株価の暴落、輸出の低減、国内の経済成長の減速などを見て、西側のメディアは、すぐ反応した。
しかし、中国メディアはそれほどあわただしくなったわけではない。国営の新華社は人心を安定させるための論説を出した。新華社よりもリベラルな主張の市販メディアは、ほぼそろって李克強首相の経済政策を支持している。中国はこれ以上のバブルを拡大してはいけないと思っているからである。
中国の銀行業界が資金不足に陥ったにもかかわらず、政府は金融構造の調整、金融政策や手法の調整をストップしなかった。まだ傷が浅いうち、バブルが小さいうちに潰したほうがいいと思われている。
国際的に見て、中国独自で新しい政策を出したわけではない。アメリカの連邦準備制度理事会(FRB)による量的金融緩和政策も今は見直されており、これから国際金融は大きな変化に直面している。ドルは強くなり、資金がアメリカに流れていくと思われる。
そうした中で中国は金融緩和を継続していて、市場のリスクに対応できるのかという問題を残している。

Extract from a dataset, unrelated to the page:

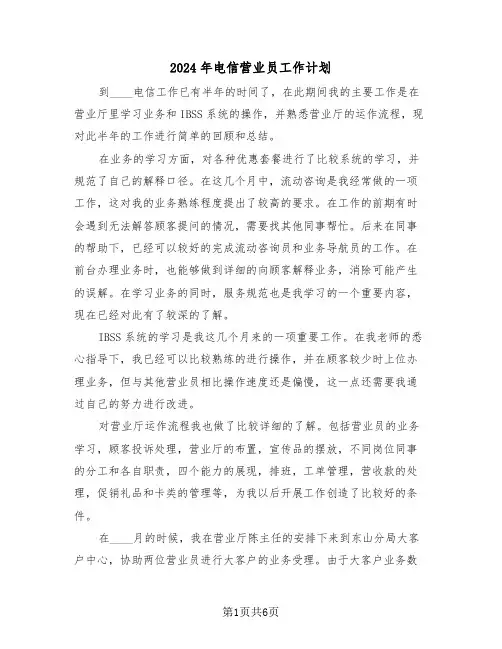 2024年电信营业员工作计划（二篇）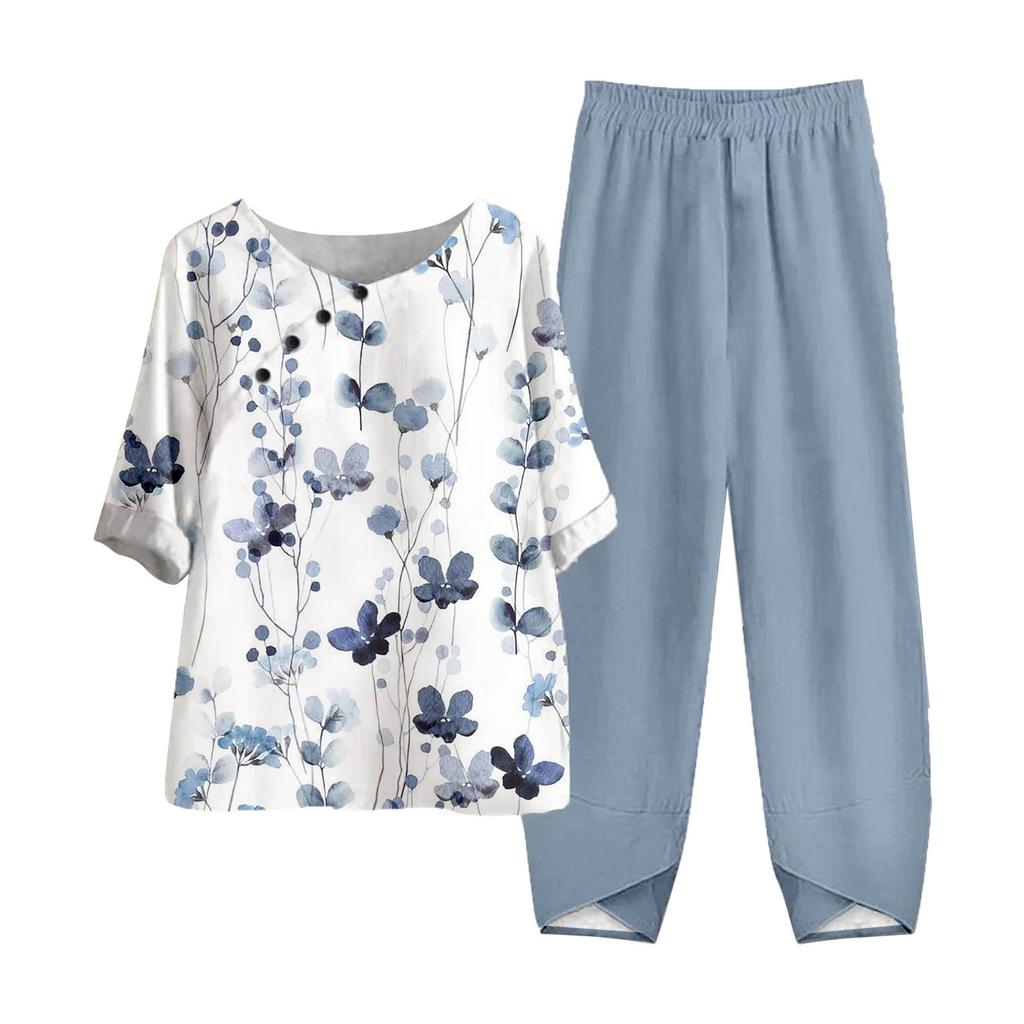Women's Summer Half Sleeve Printed Tops Elastic Waist Nine Piece Pants Two Piece Set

またリノミクスのなかでは、経済成長の力は潤沢な資金供給から来るのではなく、むしろ構造的な改革によるものとされている。
6月20日に李首相は、国務院の常務委員会議では、余剰生産能力、構造改革、農民農村農業、零細企業、消費のアップグレード、利息の市場化、資本市場の改革、保険の役割、民間資本の金融業への進出、リスクの回避など主に8つの面での改革について詳細に語り、銀行や証券の当面の危機については一言も語らず、改革の決心をもう一度表明した。
リノミクスは改革を推し進め、資産バブルや余剰生産能力の維持にお金を貸している銀行に助け舟を出す気配は、ほとんどない。